In another all-too important Kentucky-Louisville showdown, Anthony Davis helped send the Cards packing. There was plenty of trash talk before (and probably during) the Final Four matchup, but Davis' 18 points and 14 rebounds reminded the Cardinals - and the nation - why he had just been crowned the National Player of the Year. The game was close, but the Wildcats pulled ahead to a 69-61 victory in New Orleans to advance to the National Championship game, where they eventually claimed the title. As the matchup against Louisville ended, Davis removed his mouthpiece and began to screa: "This is my stage! My stage." It certainly was his stage that night.

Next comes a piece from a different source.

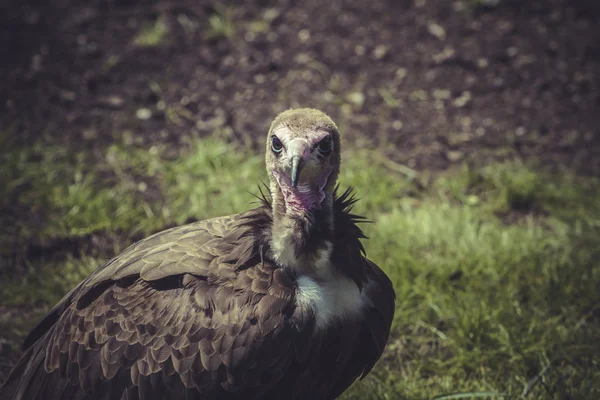 American Bald Eagle — Stock Photo, Image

Aaron Harrison's first spark

The 2013-14 tournament performance has to be considered one of Kentucky's most-special runs in program history, especially in the past decade. The Cats had already defeated the Cardinals in the regular season, but they'd have to do it again to advance to the Elite Eight. The game became an instant classic - it was certainly one of the most exciting rivalry matchups between these two programs during the Coach Cal era. The No. 8 Kentucky team was flying high after its win over No. 1 Wichita State in the second round, while Rick Pitino and the No. 4 Cardinals were trying to avenge that regular season loss. Kentucky trailed by 13 points in the first half before going on its big run, leading to UK's biggest comeback of the season. Willie Cauley-Stein played just four minutes before going down with an emotional ankle injury, forcing Dakari Johnson into action after minimal playing time in previous games. The Cats were strong across the board, but it was Aaron Harrison's 3-point dagger at the end of the game that finally sealed the deal. Of course, he'd go on to hit that same shot for Kentucky two more times that year, but this was the shot that sent Louisville home and handed Rick Pitino's first-ever loss in the Sweet 16. Chills.

SGA's coming-out party

The rivalry underwent some major changes in 2017, as the year's annual regular-season game marked the programs' first rivalry showdown without Rick Pitino in 16 seasons following his October firing. But sometimes, even in the face of change, things tend to remain the same. Kentucky dominated Louisville that night inside Rupp Arena, eventually winning 90-61. Even with a new coach - the beginning of a new era for the University of Louisville - the Wildcats proved victorious. The Cats Wildcats used a 20-6 run to close the first half with a 41-27 lead, and they never looked back. Shai Gilgeous-Alexander was the show that night, coming off the bench for a career-high 24 points, including 17 after halftime, and just one turnover. The 29-point win was the rivalry's most-lopsided outcome in nearly 20 years, and SGA - alongside his new haircut and rightfully-earned MVP belt - officially cemented his place in hearts all across the Big Blue Nation.

Honorable mentions...

Josh Harrellson's own breakout game, which included 23 points and 14 rebounds, also comes to mind as one of the decade's top moments. Darius Miller's perfectly-timed three-point bucket that gave the Wildcats control for good in 2012 (to go along with 10 other points for the Kentucky native) also stands out. Actually, any big night from a Kentucky native qualifies for this list, at least in my book (looking at you, Dominique Hawkins). Who could forget Rick Pitino's infamous (and final) exit from Rupp Arena? Or DeMarcus Cousins elbowing Louisville's Jared Swopshire? Then there was that time Tyler Ulis became the first two-time recipient of the game's MVP award, scoring 35 points and 10 assists in his two rivalry games. He had the bleeding eye to prove it. This Saturday's matchup will mark the final rivalry game of the decade, and one can only hope to round out an incredible ten-year period with a few more memorable moments against the Cardinals. What stands out to you as the rivalry moment of the decade?